09/01/2018 às 08h07 - OUTROS ESPORTES

A crise financeira do Vasco não se resume somente ao futebol. Assim como o time dos gramados, a equipe de basquete que disputa o Novo Basquete Brasil (NBB) também está com os salários atrasados. Faltam a eles o mês de novembro e o 13º, o que já ameaça até mesmo um desmanche em meio à disputa. O ala norte-americano David Jackson, por exemplo, já solicitou desligamento, inconformado com a situação.

O caso fica ainda mais grave nas quadras quando se analisa a situação dos jogadores que defenderam o clube na última temporada, 2016/17. O UOL Esporte conversou com atletas daquele elenco e alguns alegam terem a receber até cinco meses de salários. A reportagem levantou que alguns dos que estão no aguardo de pagamento são os armadores Damián  Palacions, Hélio e Marcellus, o ala Márcio e o pivô Murilo, entre outros. Todos estes já deixaram o clube e cogitam acionar a Justiça do Trabalho para obter o que reivindicam.

David Jackson fazia parte deste elenco e também estava com salários atrasados, condicionando assim sua renovação para esta temporada somente com o pagamento das dívidas. O Vasco quitou e ele continuou em São Januário, até conviver novamente com o problema e decidir pela saída.

Curiosamente, mesmo com todas as dificuldades de manter os compromissos em dia na temporada passada, o Vasco aumentou o investimento para 2018 e trouxe jogadores como Fúlvio e Lucas Mariano, da seleção brasileira, além de nomes conhecidos como Guilherme Giovanonni, Gui Deodato, Dedé Stefanelli, entre outros. Os únicos remanescentes, além de Jackson, foram Nezinho e Bruninho. A folha salarial gira em torno de R$ 435 mil.

Em quadra, porém, a equipe decepciona até o momento e ocupa somente a 11ª colocação (a reportagem foi finalizada antes da partida entre Vasco e Joinville, nesta segunda).

Clube previu R$ 8,4 mi em patrocínio. Não arrumou nenhum

Outro ponto curioso desta história é quando se depara com o orçamento previsto para o basquete em 2018. O clube estipula uma arrecadação de mais de R$ 8,4 milhões em patrocínios só que, até o momento, não conseguiu nenhum.

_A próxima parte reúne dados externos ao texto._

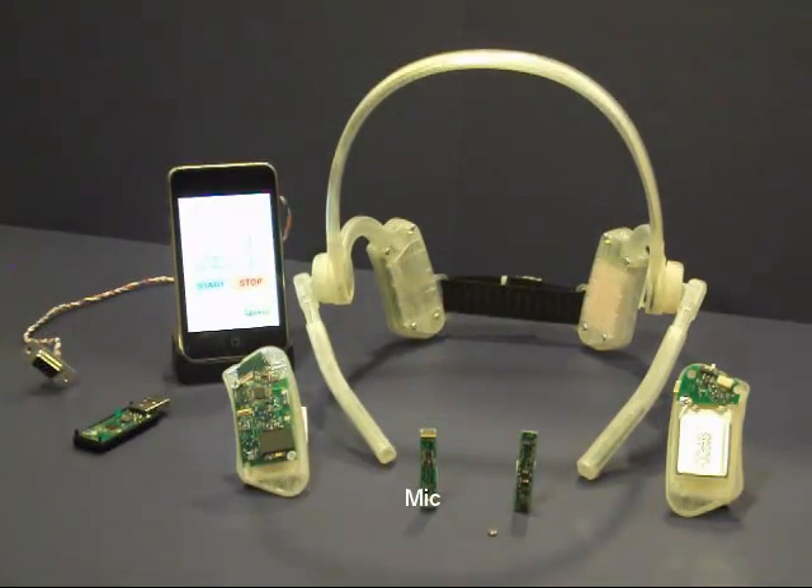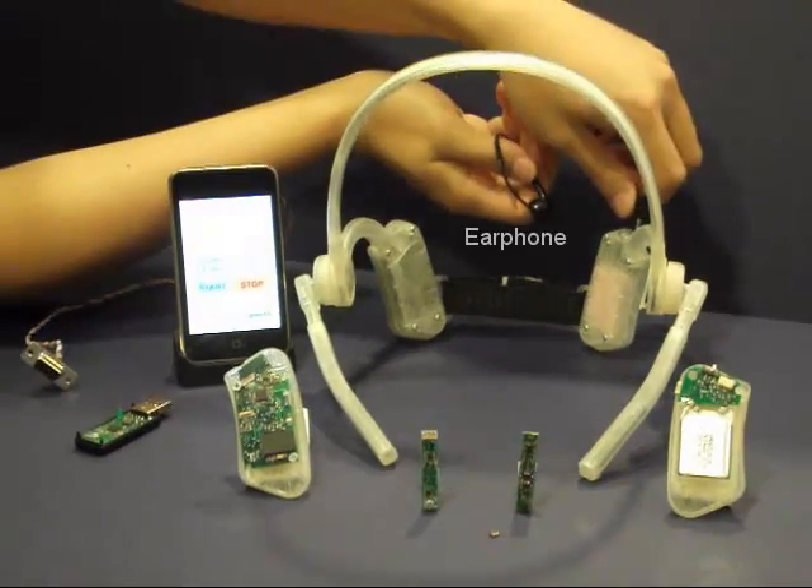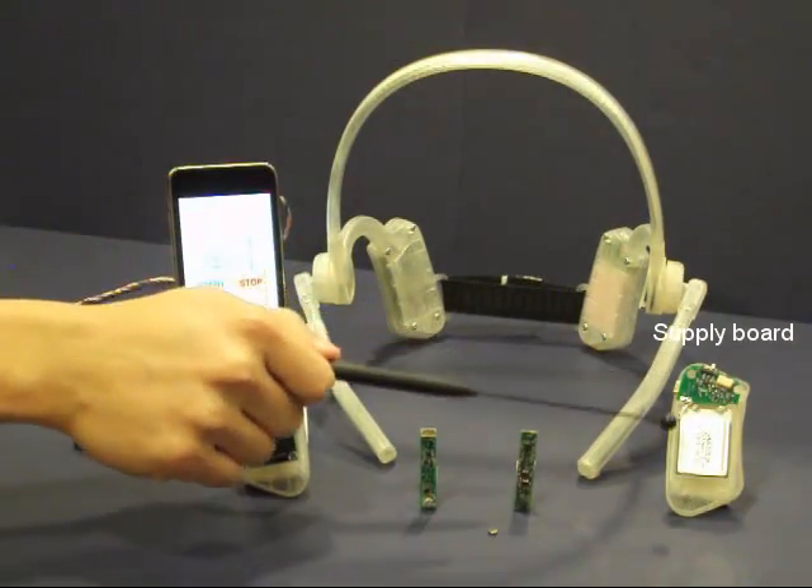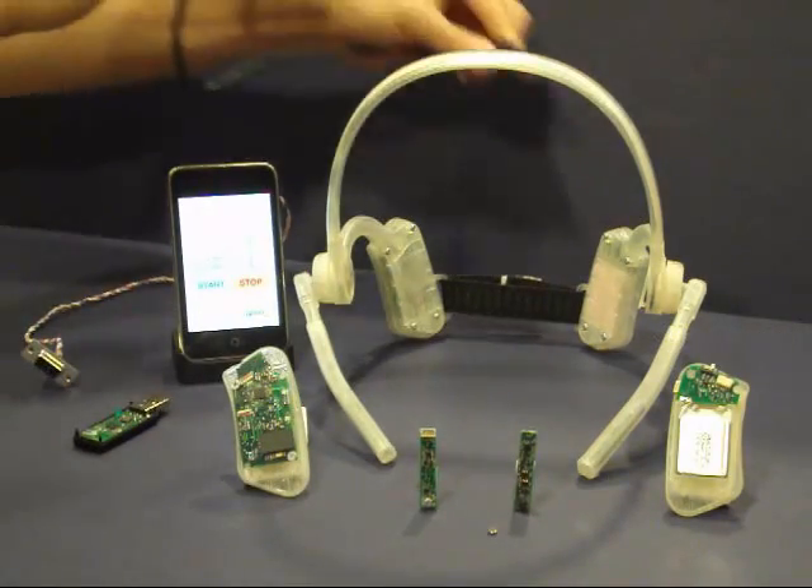The headset also includes a microphone and earphone jack and can be used as a regular headphone for voice control. The system can continuously run for two days and can be recharged through USB.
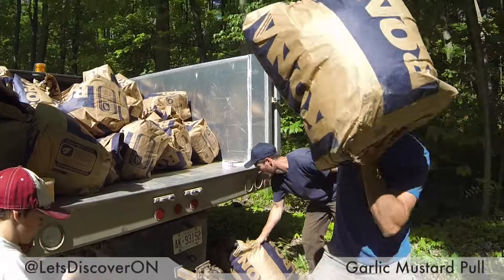How many bags do we have here? About 45 to 50 bags got pulled today.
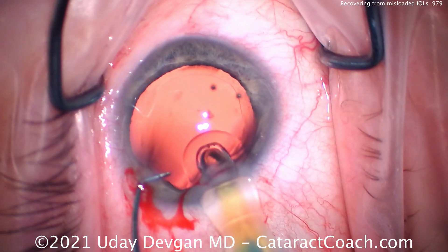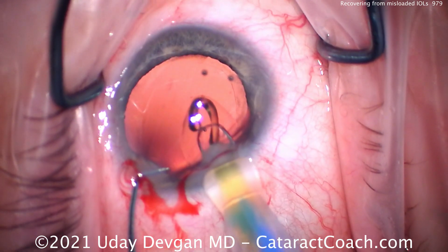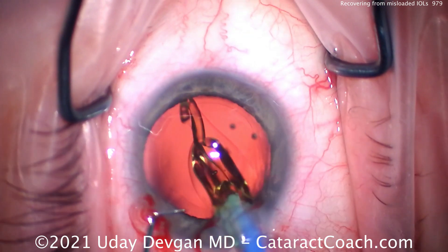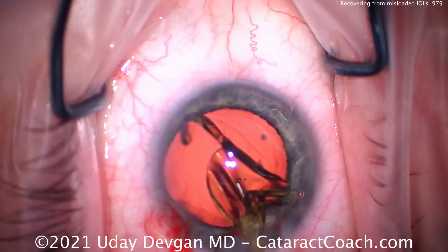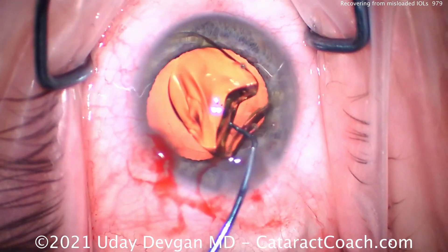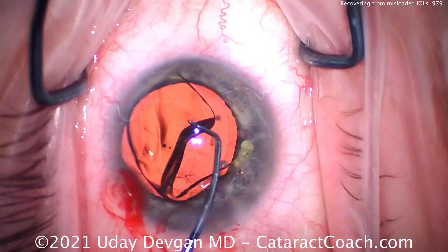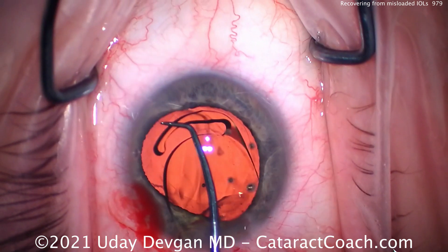So I asked the scrub tech — who's a new scrub tech — did you put enough viscoelastic to lubricate it? She said yes. So we're delivering it, going very slowly, and we push it into the eye, and what is going on here? The trailing haptic is all bunched up on top of the optic. This lens was misloaded in the injector, and as a result, it has distorted upon insertion.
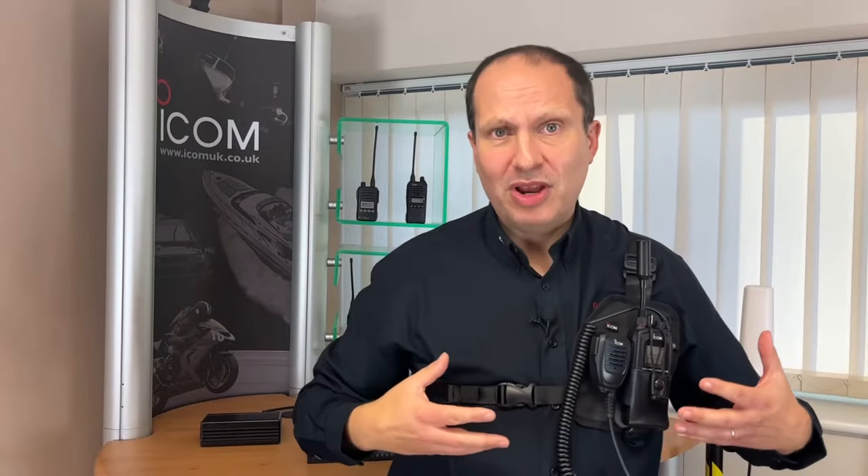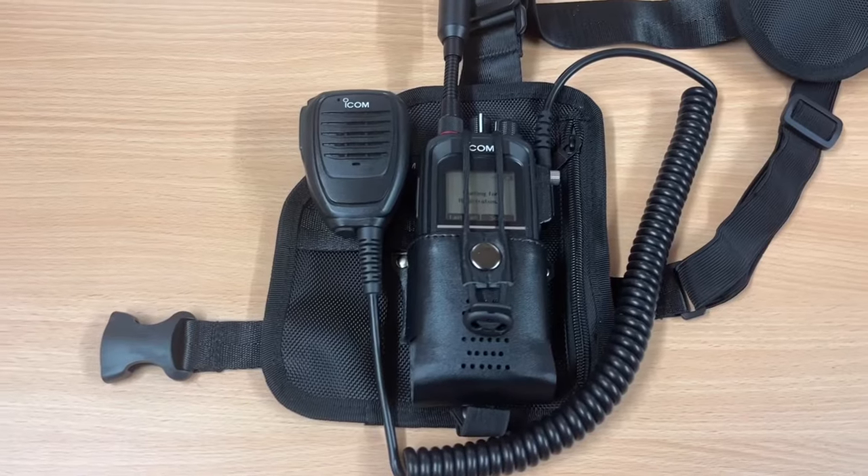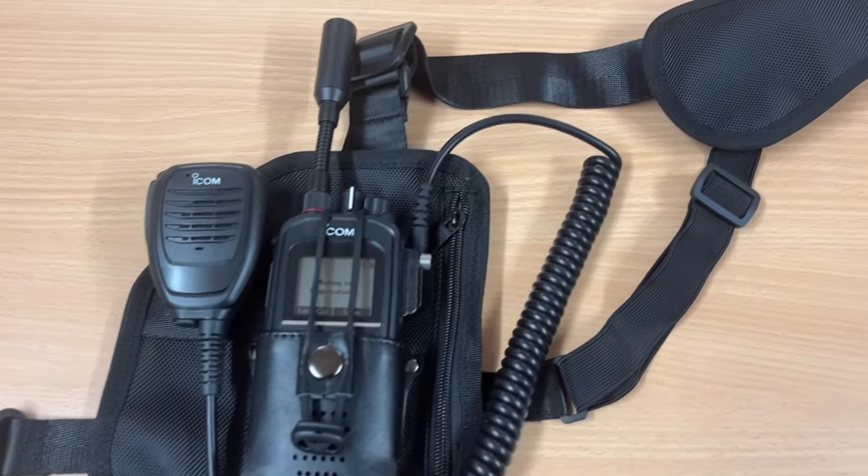Hi everyone, you may have noticed something a little different about me today. I'm wearing the new iCup shoulder holster, initially designed for the SAT 100. It's great for the SAT 100 because it puts it in the optimum position for satellite communication. It's also great because it gives the user a lot of freedom.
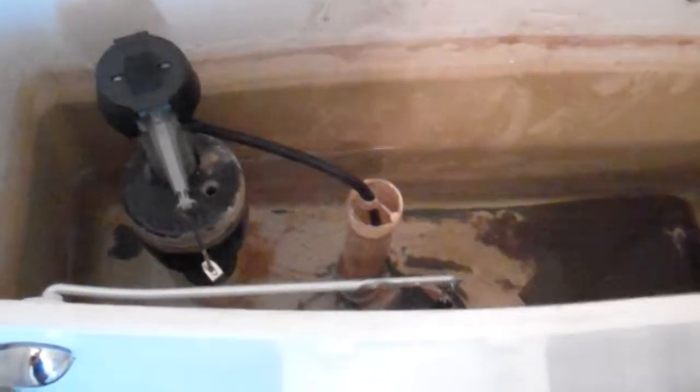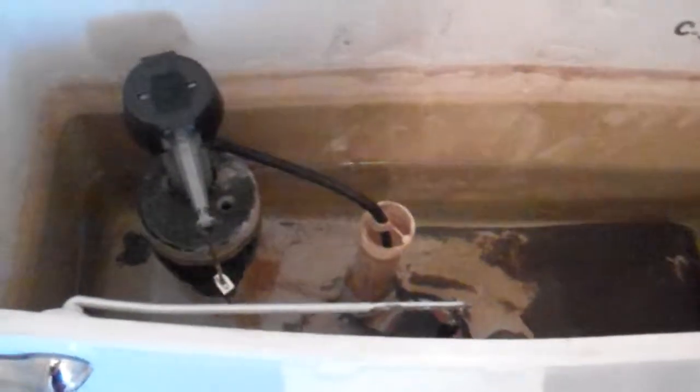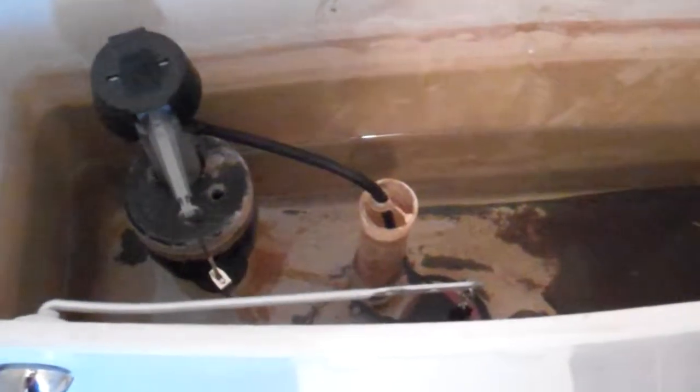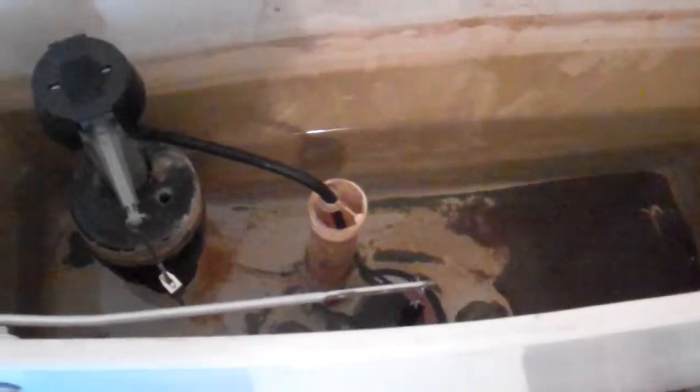It looks like it can be set to use 5 or 3.5 gallons, because they have more line and more economy. Does this toilet ever clog? I have never experienced it clogging, but it may have. This is a pretty good toilet — these toilets are pretty good flushers.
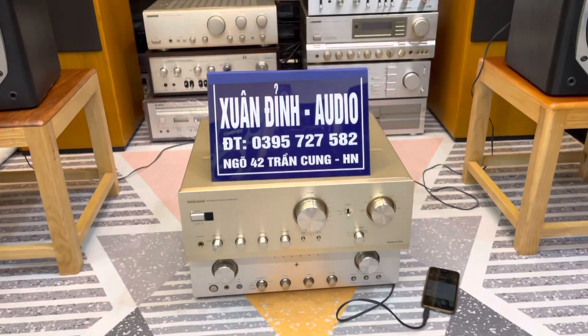Như vậy trong clip buổi trưa ngày 2 tháng 1, Xuân Đình đã giới thiệu ngắn gọn cho các bác 2 sản phẩm hàng bãi tuyển chọn đẹp xuất sắc - Combo Onkyo. Địa chỉ mua hàng: ngõ 42 Trần Cung, Hà Nội. Số điện thoại: 0395 727 582. Những sản phẩm này Xuân Đình đều ship toàn quốc và giá không bao gồm ship. Cảm ơn các bác, xin kính chào và hẹn gặp lại.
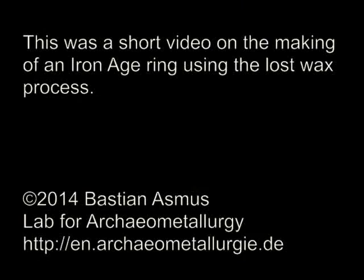Leave a comment or subscribe if you liked this video. For more information on archaeometallurgy, visit my website at archaeometallurgie.de.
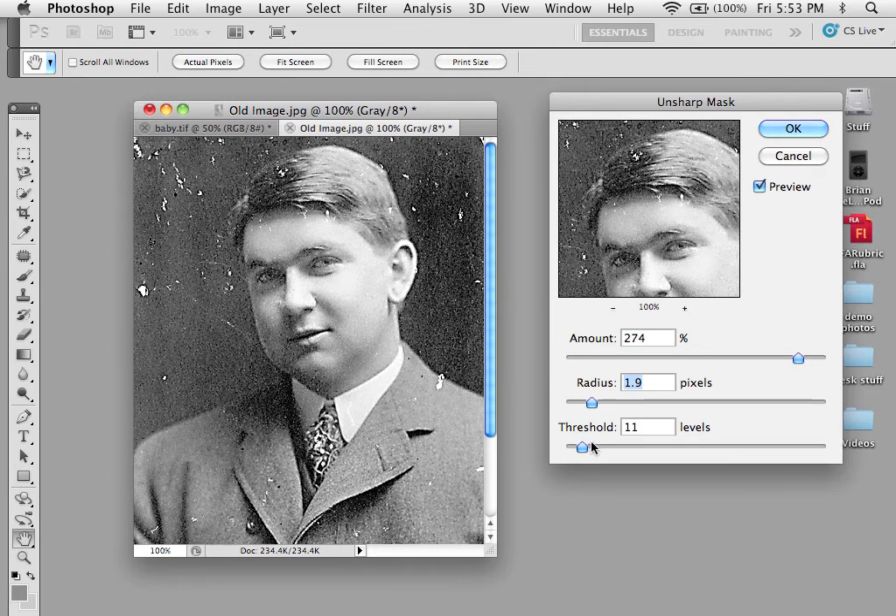You can also use this through selections. What would be best, in fact, is to select the man and use Unsharp Mask, and use then just the face and use Unsharp Mask, and just the tie, and just the background itself, because each of them will have different levels that you can sharpen without it becoming obvious that you did so.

Entre receitas e despesas, se calcula um superávit de R$ 851.070,00.

O UOL Esporte tentou entrar em contato com o vice-presidente de Quadra e Salão, Fernando Lima, mas o dirigente não atendeu às ligações. Ao grupo político "Casaca", ligado ao presidente Eurico Miranda, ele atribuiu os problemas ao impasse político que vive o clube:

"A diretoria reuniu-se com os atletas para prestar esclarecimentos no sentido de que a crise financeira está intimamente ligada ao problema de ordem política existente. Todos os atletas concordaram que devem manter a concentração em modificar o atual panorama do time na tabela do NBB, oferecendo voto de confiança à diretoria".